Exercise instructions:
Only some lines are wanted. Transcribe, exactly, the lines below from the line with "Alternateur BV PSH" up to and including the line with "Futrole i torbe".

Listed entries:
□ □ □ □
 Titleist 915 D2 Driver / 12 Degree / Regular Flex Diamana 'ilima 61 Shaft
□ □ □ □
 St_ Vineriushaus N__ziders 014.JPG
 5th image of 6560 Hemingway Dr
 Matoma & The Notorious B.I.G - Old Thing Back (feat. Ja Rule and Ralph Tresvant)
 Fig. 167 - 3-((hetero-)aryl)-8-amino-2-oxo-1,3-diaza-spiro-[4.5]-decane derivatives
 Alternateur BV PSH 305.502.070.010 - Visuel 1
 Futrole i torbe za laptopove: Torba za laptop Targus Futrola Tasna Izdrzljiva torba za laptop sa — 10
□ □ □ □
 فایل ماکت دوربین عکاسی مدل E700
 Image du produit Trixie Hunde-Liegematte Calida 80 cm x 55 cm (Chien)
□ □ □ □
Exercise output:
 Alternateur BV PSH 305.502.070.010 - Visuel 1
 Futrole i torbe za laptopove: Torba za laptop Targus Futrola Tasna Izdrzljiva torba za laptop sa — 10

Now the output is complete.